Dataset entries
□ □ □ □

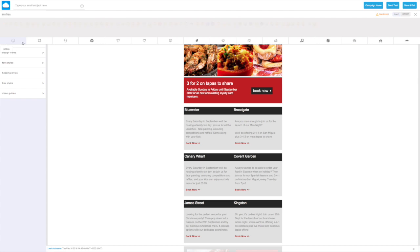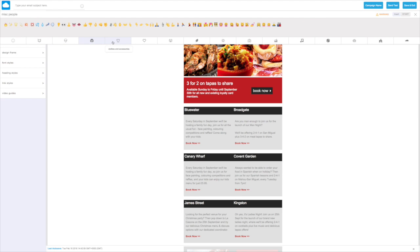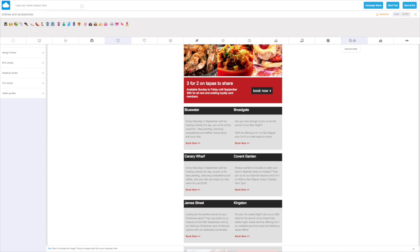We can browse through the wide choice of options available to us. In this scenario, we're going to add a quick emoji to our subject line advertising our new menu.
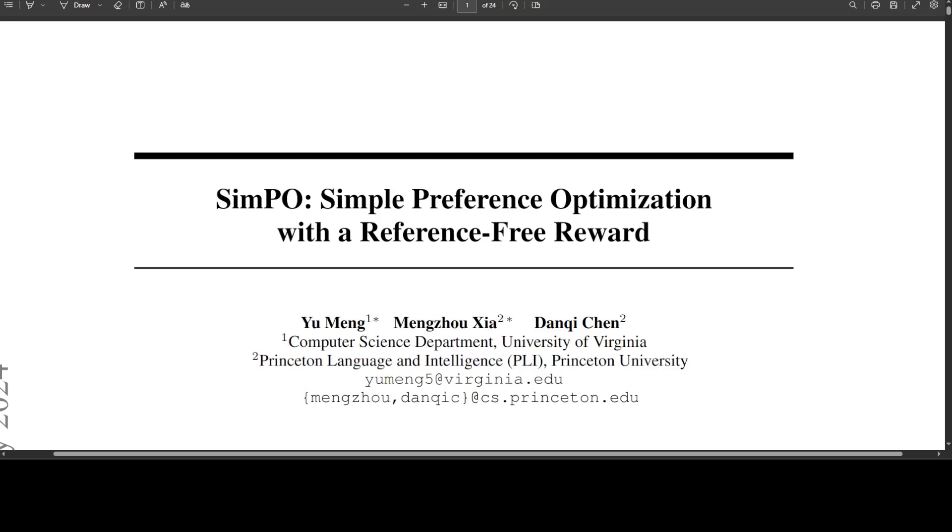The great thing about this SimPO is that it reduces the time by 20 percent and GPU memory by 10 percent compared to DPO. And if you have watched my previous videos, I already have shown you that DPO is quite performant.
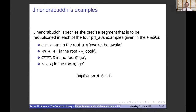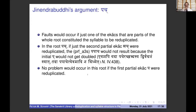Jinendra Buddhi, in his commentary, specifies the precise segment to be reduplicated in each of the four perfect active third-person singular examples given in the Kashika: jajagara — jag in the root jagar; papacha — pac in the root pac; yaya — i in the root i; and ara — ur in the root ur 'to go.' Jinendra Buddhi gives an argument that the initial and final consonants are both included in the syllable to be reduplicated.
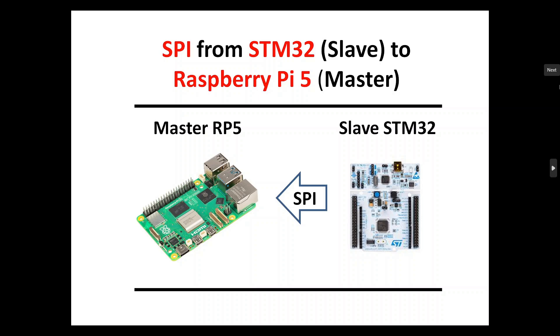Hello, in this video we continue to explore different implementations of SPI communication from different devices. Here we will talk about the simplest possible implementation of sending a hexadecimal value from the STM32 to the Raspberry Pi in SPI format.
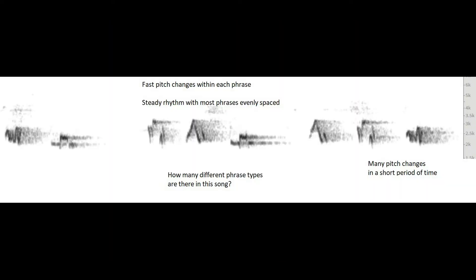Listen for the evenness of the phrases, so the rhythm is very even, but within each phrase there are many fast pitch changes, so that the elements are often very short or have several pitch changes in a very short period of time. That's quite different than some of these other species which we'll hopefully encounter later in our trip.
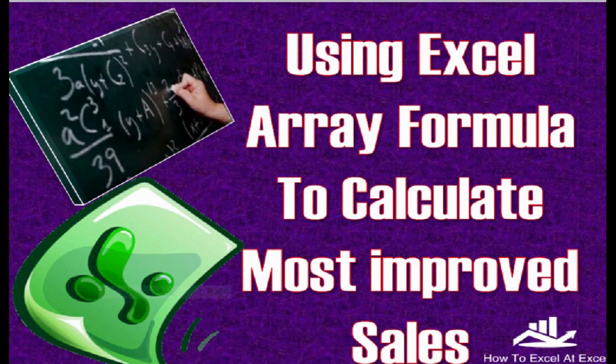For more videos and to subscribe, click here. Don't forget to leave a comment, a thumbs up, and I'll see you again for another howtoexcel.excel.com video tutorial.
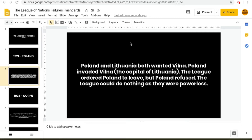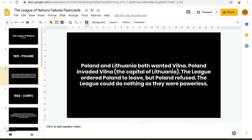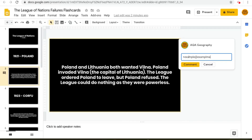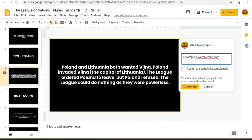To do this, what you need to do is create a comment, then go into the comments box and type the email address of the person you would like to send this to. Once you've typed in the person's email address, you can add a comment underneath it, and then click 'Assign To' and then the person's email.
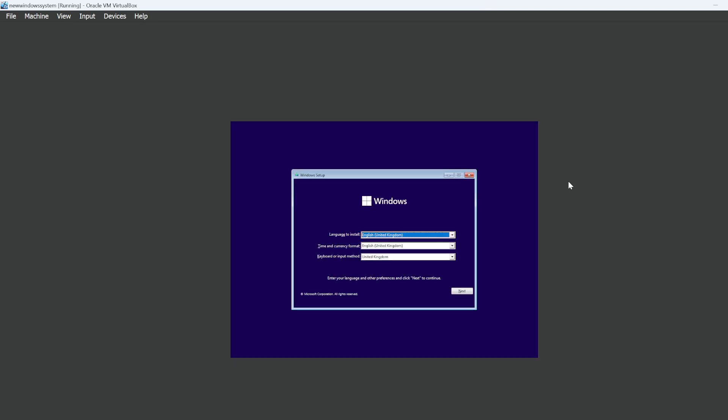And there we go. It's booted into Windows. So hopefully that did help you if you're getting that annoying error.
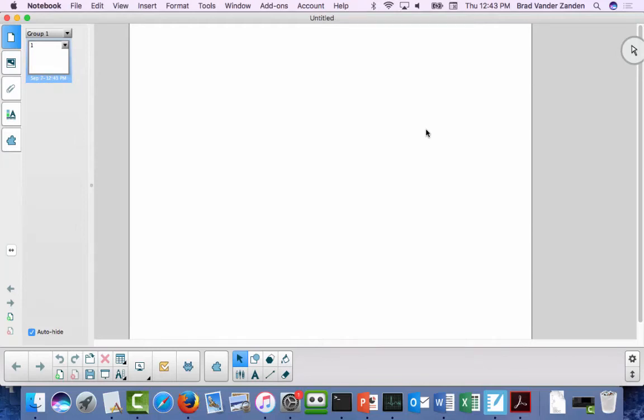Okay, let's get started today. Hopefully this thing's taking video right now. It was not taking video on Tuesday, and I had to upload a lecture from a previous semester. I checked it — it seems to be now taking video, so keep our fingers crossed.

□ □ □ □

**TASK STATEMENT:** Output each line above exactly as it stands, omitting the pictures.

**RESPONSE AREA:**
We can browse through the wide choice of options available to us. In this scenario, we're going to add a quick emoji to our subject line advertising our new menu.
The great thing about this SimPO is that it reduces the time by 20 percent and GPU memory by 10 percent compared to DPO. And if you have watched my previous videos, I already have shown you that DPO is quite performant.
Jinendra Buddhi, in his commentary, specifies the precise segment to be reduplicated in each of the four perfect active third-person singular examples given in the Kashika: jajagara — jag in the root jagar; papacha — pac in the root pac; yaya — i in the root i; and ara — ur in the root ur 'to go.' Jinendra Buddhi gives an argument that the initial and final consonants are both included in the syllable to be reduplicated.
Hello, in this video we continue to explore different implementations of SPI communication from different devices. Here we will talk about the simplest possible implementation of sending a hexadecimal value from the STM32 to the Raspberry Pi in SPI format.
Listen for the evenness of the phrases, so the rhythm is very even, but within each phrase there are many fast pitch changes, so that the elements are often very short or have several pitch changes in a very short period of time. That's quite different than some of these other species which we'll hopefully encounter later in our trip.
For more videos and to subscribe, click here. Don't forget to leave a comment, a thumbs up, and I'll see you again for another howtoexcel.excel.com video tutorial.
To do this, what you need to do is create a comment, then go into the comments box and type the email address of the person you would like to send this to. Once you've typed in the person's email address, you can add a comment underneath it, and then click 'Assign To' and then the person's email.
And there we go. It's booted into Windows. So hopefully that did help you if you're getting that annoying error.
Okay, let's get started today. Hopefully this thing's taking video right now. It was not taking video on Tuesday, and I had to upload a lecture from a previous semester. I checked it — it seems to be now taking video, so keep our fingers crossed.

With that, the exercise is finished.